Training Process Exit Gracefully

Overview

When there are suboptimal devices in the training cluster, saving checkpoint and exiting the cluster training process before the failure occurs can effectively prevent the loss of weight data when the cluster is damaged. This also avoids issues such as training data rollback and loading checkpoint rollback when training recovery, effectively preventing the waste of training resources.

This document is an example of the training process exit gracefully. To illustrate the specific usage, we assume that the exit configuration detected at the first training step, and the training process is ended in advance. You can get the full sample code here: process_graceful_exit .

graceful_exit.py is the source code, train.sh is the start training script, and graceful_exit.json is the graceful exit config json file.

Dataset And Training Model

Data Preparation

Download the MNIST dataset and unzip the dataset to the project directory.

wget http://mindspore-website.obs.cn-north-4.myhuaweicloud.com/notebook/datasets/MNIST_Data.zip
unzip MNIST_Data.zip

Model Definition

import os
import mindspore as ms
import mindspore.context as context
import mindspore.dataset as ds
import mindspore.dataset.transforms as C
import mindspore.dataset.vision as CV
import mindspore.nn as nn
from mindspore.common import dtype as mstype
from mindspore.dataset.vision import Inter
from mindspore.train import Accuracy
from mindspore.train import Model, LossMonitor
from mindspore.train.callback import OnRequestExit
from mindspore.common.initializer import TruncatedNormal
from mindspore.communication.management import init
from mindspore.context import ParallelMode

context.set_context(mode=context.GRAPH_MODE)

# dataset
DATASET_PATH = "./MNIST_Data"


def create_dataset(data_path, batch_size=32, repeat_size=1,
                   num_parallel_workers=1):
    """
    create dataset for train or test
    """
    # define dataset
    mnist_ds = ds.MnistDataset(data_path)

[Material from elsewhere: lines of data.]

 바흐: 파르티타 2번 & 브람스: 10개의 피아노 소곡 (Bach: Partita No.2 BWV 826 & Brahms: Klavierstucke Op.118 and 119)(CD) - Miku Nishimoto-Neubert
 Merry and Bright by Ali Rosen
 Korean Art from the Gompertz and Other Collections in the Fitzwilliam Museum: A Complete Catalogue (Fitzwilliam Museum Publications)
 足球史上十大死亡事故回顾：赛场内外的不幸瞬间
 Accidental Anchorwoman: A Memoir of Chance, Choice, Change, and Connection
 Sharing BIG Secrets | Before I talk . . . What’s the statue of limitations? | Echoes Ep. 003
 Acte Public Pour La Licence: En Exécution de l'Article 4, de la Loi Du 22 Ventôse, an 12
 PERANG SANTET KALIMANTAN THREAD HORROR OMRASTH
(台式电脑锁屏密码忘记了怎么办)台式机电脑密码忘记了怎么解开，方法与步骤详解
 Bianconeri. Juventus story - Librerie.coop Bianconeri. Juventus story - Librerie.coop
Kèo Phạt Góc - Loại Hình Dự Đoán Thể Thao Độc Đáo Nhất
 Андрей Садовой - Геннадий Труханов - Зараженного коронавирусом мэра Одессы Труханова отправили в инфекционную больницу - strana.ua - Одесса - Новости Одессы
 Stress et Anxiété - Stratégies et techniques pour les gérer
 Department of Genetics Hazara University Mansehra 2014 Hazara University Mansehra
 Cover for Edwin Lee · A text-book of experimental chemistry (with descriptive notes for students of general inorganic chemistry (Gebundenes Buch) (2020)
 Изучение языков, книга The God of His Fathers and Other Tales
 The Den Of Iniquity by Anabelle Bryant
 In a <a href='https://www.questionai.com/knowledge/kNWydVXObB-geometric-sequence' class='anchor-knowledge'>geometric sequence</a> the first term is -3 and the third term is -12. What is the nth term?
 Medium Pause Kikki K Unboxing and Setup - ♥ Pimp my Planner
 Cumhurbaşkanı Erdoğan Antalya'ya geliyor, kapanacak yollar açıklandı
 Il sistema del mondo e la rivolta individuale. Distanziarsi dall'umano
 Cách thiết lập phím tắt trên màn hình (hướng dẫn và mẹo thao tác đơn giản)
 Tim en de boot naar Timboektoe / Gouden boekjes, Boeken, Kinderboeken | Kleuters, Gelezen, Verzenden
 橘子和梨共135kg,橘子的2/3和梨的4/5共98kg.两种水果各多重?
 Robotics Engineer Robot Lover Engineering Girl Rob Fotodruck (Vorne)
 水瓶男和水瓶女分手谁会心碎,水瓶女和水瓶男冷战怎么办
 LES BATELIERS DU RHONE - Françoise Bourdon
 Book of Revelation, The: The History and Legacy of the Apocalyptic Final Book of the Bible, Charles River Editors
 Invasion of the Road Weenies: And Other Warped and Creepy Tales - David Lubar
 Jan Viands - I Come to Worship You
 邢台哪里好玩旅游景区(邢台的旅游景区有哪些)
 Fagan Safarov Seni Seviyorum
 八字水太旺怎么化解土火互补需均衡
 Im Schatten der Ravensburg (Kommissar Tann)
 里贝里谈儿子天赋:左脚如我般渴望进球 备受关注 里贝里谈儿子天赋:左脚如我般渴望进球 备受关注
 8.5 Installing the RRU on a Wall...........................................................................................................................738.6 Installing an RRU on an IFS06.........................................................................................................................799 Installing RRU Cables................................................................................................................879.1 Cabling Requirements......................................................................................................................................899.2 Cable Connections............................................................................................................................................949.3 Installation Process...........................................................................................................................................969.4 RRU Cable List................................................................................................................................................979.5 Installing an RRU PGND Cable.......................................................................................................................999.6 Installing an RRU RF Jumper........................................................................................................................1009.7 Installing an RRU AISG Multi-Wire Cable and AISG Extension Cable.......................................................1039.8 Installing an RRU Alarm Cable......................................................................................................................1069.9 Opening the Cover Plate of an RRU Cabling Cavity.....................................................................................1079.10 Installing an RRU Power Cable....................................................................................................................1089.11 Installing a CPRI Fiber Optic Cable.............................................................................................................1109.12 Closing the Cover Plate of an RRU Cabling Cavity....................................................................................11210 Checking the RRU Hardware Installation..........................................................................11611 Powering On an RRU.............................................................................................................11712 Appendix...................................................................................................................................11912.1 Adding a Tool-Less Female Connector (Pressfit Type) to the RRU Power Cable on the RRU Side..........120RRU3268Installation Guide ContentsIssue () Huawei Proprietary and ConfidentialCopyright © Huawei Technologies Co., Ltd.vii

    resize_height, resize_width = 32, 32
    rescale = 1.0 / 255.0
    shift = 0.0
    rescale_nml = 1 / 0.3081
    shift_nml = -1 * 0.1307 / 0.3081

    # define map operations
    resize_op = CV.Resize((resize_height, resize_width), interpolation=Inter.LINEAR)  # Bilinear mode
    rescale_nml_op = CV.Rescale(rescale_nml, shift_nml)
    rescale_op = CV.Rescale(rescale, shift)
    hwc2chw_op = CV.HWC2CHW()
    type_cast_op = C.TypeCast(mstype.int32)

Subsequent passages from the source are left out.